Как сказал наш царь святой, Давид: "Чтобы спасены были любимые Тобой".
Бэ-эзрат hа-Шем, самые малые из детей Яакова».

Рабби отложил свиток и прикрыл глаза.

— Кто отправится на край земли? Мы обязаны жить в Эрец Исраэль, – прервал тишину Шломо Агалиль.

— Рабан Гамлиэль, – открыл глаза учитель, – разрешил идти в другую страну – обучать Торе и изучать Тору.

— Да-да, – заговорили все разом, – рабби, ради заповеди следует идти.
Мы пойдём, если ты решишь.

— Я решил. Путь опасен, но Всесильный нас сохранит. Караван Абу Юсифа выходит в дорогу в йом-ришон. Каждый, по желанию своему, может идти со мной.

Пять дней группа евреев, закутанных в арабское тряпьё, шла с караваном купцов.
На шестой день их принимала община Дамаска. Это был первый шаббат в пути, с горячей водой и крышей над головой.

Пришло время следующему шаббату. В сирийской пустыне поселения далеки друг от друга, но караванщики не хотели терять из-за евреев день пути. Тогда те отдали им десятую часть из всей суммы, собранной на дорогу, чтобы не бросили их без охраны.

Вечером, окончив все приготовления к шаббату, рабби Шимон очертил круг стоянки и обозначил эрув тэхумин – место шаббатней стоянки. Помолились и сели за трапезу.

Глубокой ночью караванщики зажгли факелы и стали кричать. Слышны были топот и стоны, однако в пределы еврейского лагеря никто не вошёл. Ученики рабби Шимона сидели, прижавшись друг к другу, ждали рассвета.

Постепенно небо от севера до востока прояснилось. Открылись следы побоища: шатры разорваны, нет ослов и верблюдов, нет товаров, которые они везли.
И нет ни одного живого человека.

При свете солнца, обследовав всю стоянку, путешественники поняли, что ночью разбойники напали на лагерь, разграбили караван, перебили охрану, а остальных увели в плен. Чудо, что евреев не тронули. Наверное, потому, что стоянка их была в стороне.

Окончился шаббат. Утром, сразу после ранней молитвы, маленький еврейский отряд двинулся в путь.

В пустыне нет дорог. Выбирай любое направление, только бы была вода.

День за днём шли евреи на север, словно ангел вёл их. К концу дня приходили или к колодцу, или к источнику. Потом пустыня кончилась и ночёвки стали устраивать в селениях: сначала арабских, потом персидских, а иногда и еврейских.

Рано или поздно всё имеет конец – даже самая длинная дорога. К вечеру 18 Элула путешественников встречали евреи Тэрэбанта.

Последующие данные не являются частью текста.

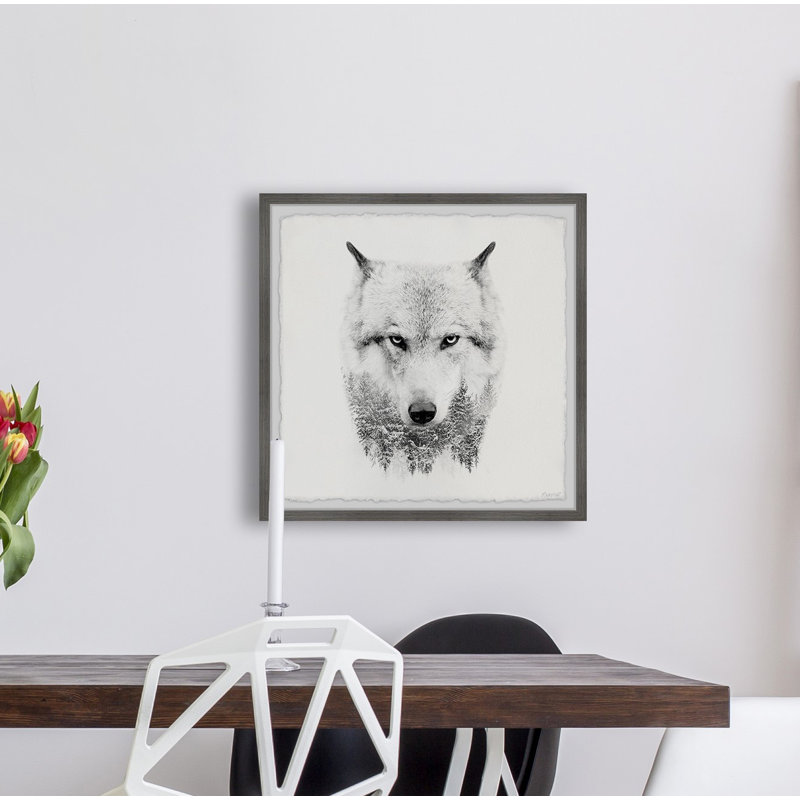 White Wolf - Single Picture Frame Print, 81cm H x 81cm W x 3.81cm D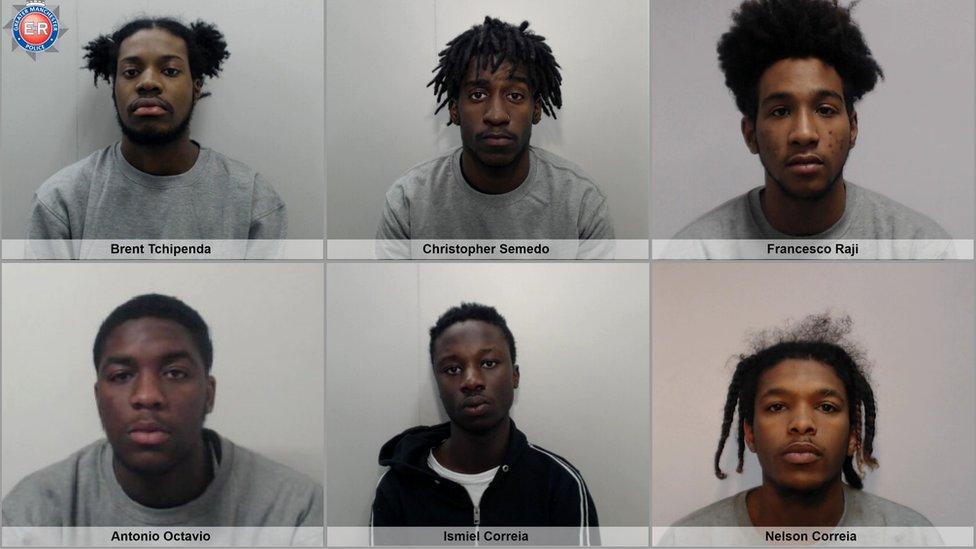 Mugshots of the six gang members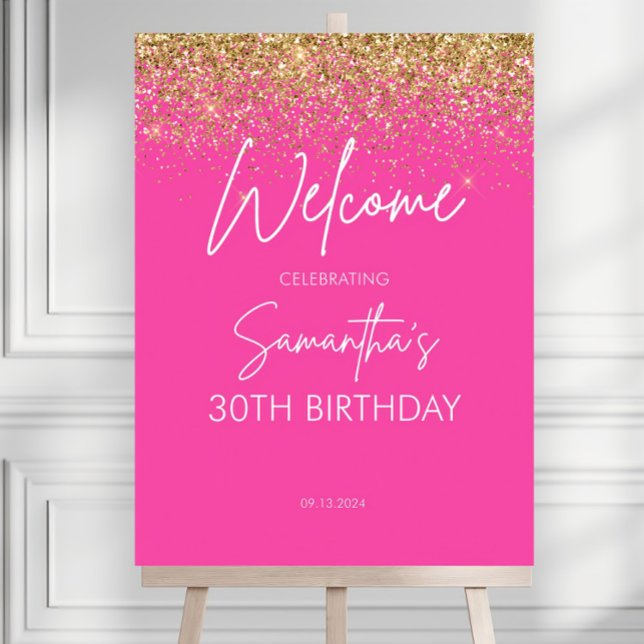 Editable Hot Pink Birthday Welcome Sign Ladies Din (Creator Uploaded)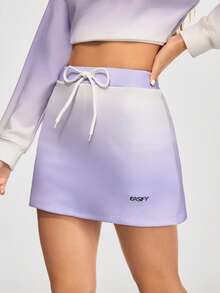Eassivo Eassivo Women's Ombre Purple Tennis Skirt, Gradient High Waist Drawstring Skirt, Casual Sporty Athleisure Skirt - Purple - View 5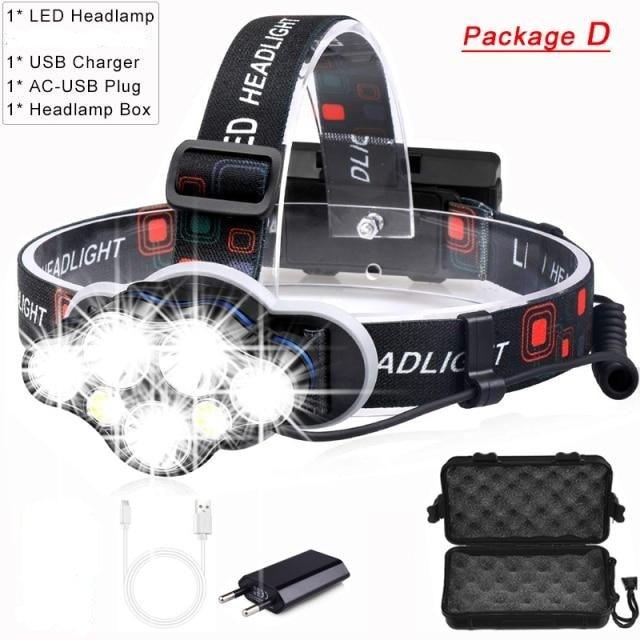 High Lumen Ultra Bright Powerful Rechargeable LED Headlamp  USB Head Lamp 7 LED Headlight Head Flashlight Waterproof Flashlight Head Torch For Outdoor Camping Cycling Running Fishing Stevvex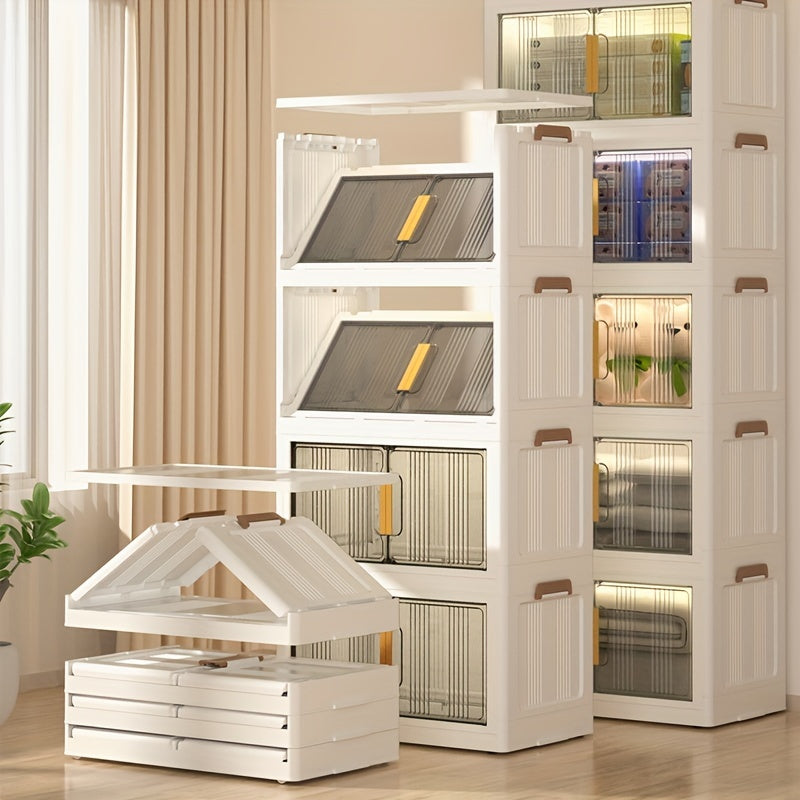 1pc Foldable Storage Box Cabinet Plastic Snack Shelf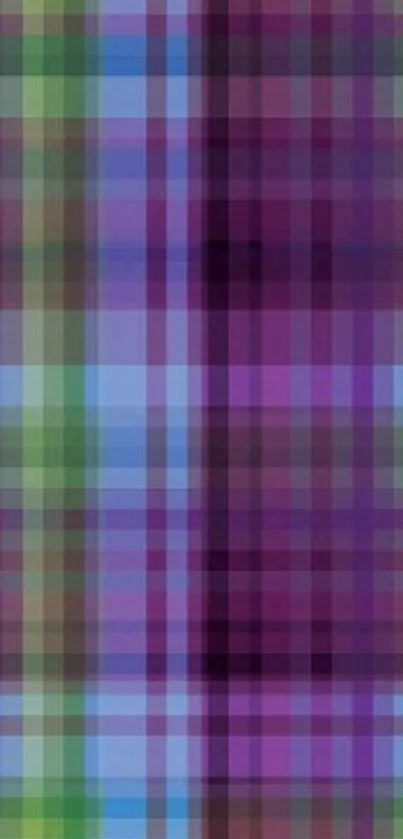 Vibrant plaid wallpaper with purple hues and colorful stripes.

Пинхас Афгани, у которого был большой дом, взял к себе рабби и его спутников.
Рабби Шимона теперь звали Сефэро, потому что стал он Софером – учителем общины.

Оставшиеся дни готовились к Судному Дню.

После полуночи рабби Шимон Сефэро приходил в нимаз, то есть в дом собрания – в бет-кнессет и трубил в шофар. Евреи становились вокруг и повторяли за ним слова Молитвы Раскаяния. Молились, пока солнце не поднималось над бирюзовым морем. Днём здесь же учили Мишну – начало Устной Торы, записанную на маленьких пергаментных свитках.

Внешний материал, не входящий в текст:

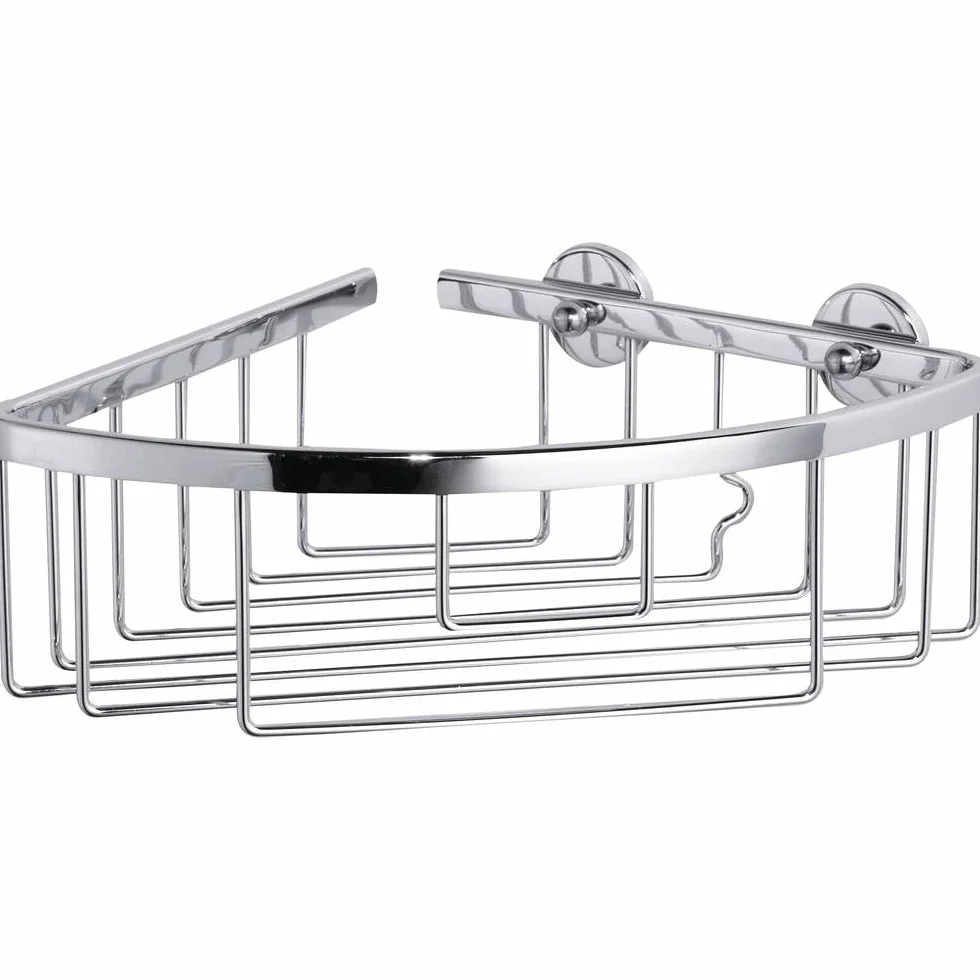 tesa Aluxx Cesta esquinera de baño, de aluminio cromado brillante, autoadhesivo, tecnología de montaje adhesiva, 92 x 192 x 200 mm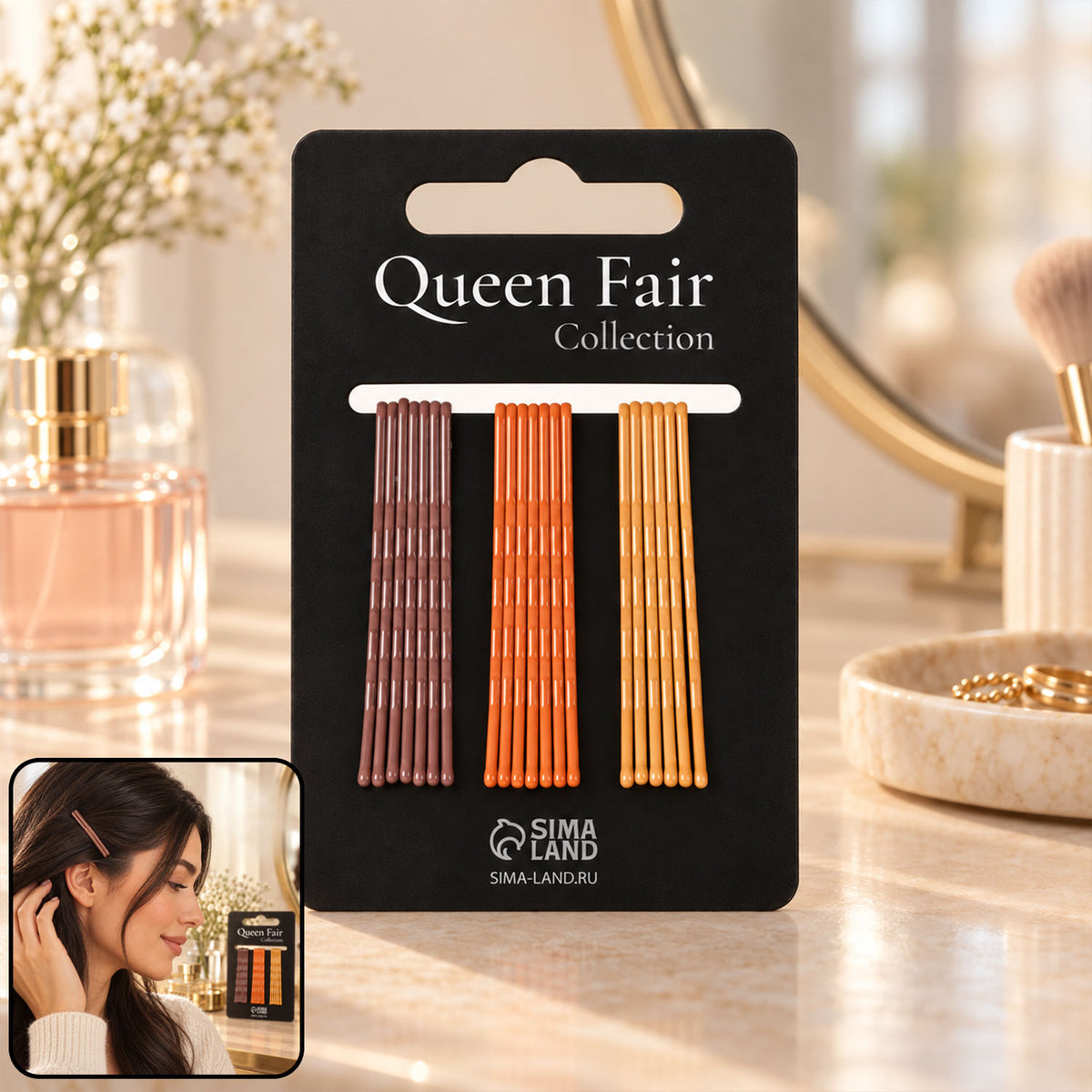 Earth Tone Metal Bobby Pins Set in Brown Orange and Mustard (20 Pc)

Один из свитков Мишны с расчётами еврейского календаря рабби Шимон получил из рук самого рабана Гамлиэля II, правнука великого hилеля и деда рабби Йеhуды ha-Наси.

Теперь, далеко от Ирушалаима, далеко от родной земли, евреи не потеряют ни одного дня в году, не потеряют ни прошлое, ни настоящее, ни будущее.

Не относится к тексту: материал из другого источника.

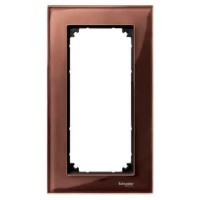 Рамка 2-постовая без перегородки Merten M-Elegance Стекло. Цвет Махагон (MTN4025-3215)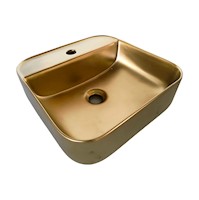 BOWL LOZA CUADRADO DORADO MATTE 38x38x14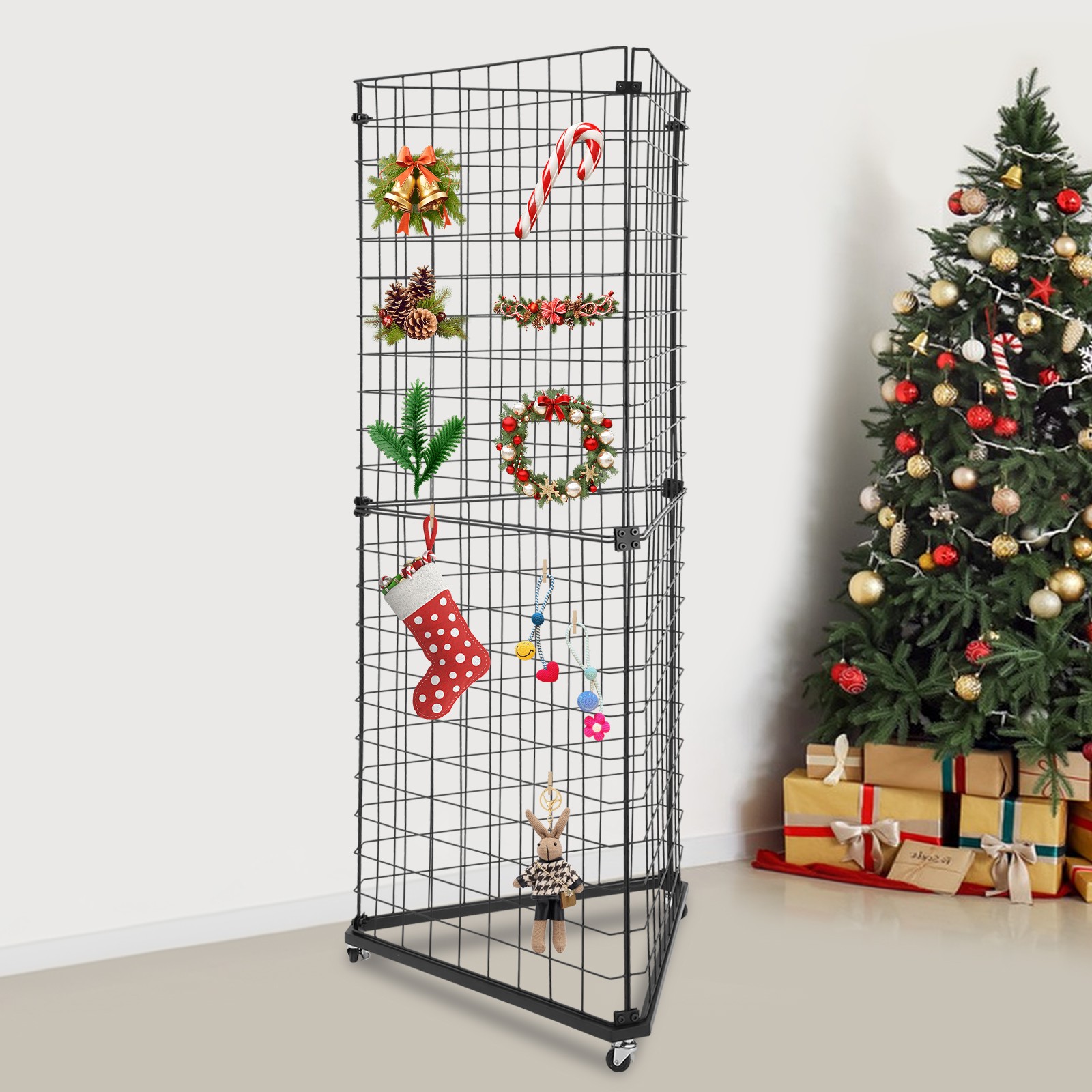 6' x 2' Triangle Display Stand Wire Grid Panel Tower Wire Grid Display Rack w/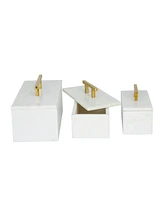 Rosemary Lane Real Marble Box with Gold-Tone Handle Set of 3 - 12", 10", 8" W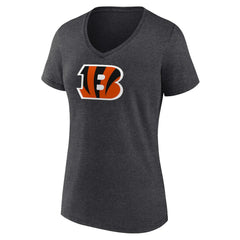 Cincinnati Bengals Women's Primary Team Logo V-Neck T-Shirt Charcoal - NFL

В эти несколько дней, оставшиеся до праздника, люди заблаговременно бросали работу и собирались в большой выбеленной комнате. Сидели на полу на толстых грубых коврах, вслушиваясь в слова рабби, поясняющего Мишну:

— Четыре раза в году Творец судит мир:

  1. В Песах выносит приговор на урожай полей, сколько будет хлеба.

  2. В Ацерет, в праздник Шавуот, – на урожай садов, на фрукты.

  3. В праздник Суккот Творец выносит приговор на воду, на дожди, питающие Святую Землю.   

  4. Но в Рош а-Шана все люди проходят перед Ним, как ягнята перед пастухом, а Он, «Создавший сердца всех их, понимающий все дела их», решает судьбу каждого по делам исполненным и по делам, что должен был исполнить и не исполнил

Евреи внимательно слушали, хотя не всегда понимали учёный язык арамит – арамейский, язык Талмуда, куда рабби вставлял слова из священного языка.

Приятнее было слушать его комментарии на фарси, но он неохотно пользовался этим языком в нимазе.

У общины было два габая – старосты, два старика: Азарьё бин Хия занимался хозяйственными делами, Нисон бин Зовулу ведал кассой. Каждый год, за день до Рош hа-Шана, они становились перед общиной, и каждый год евреи кричали и спорили о потраченных деньгах.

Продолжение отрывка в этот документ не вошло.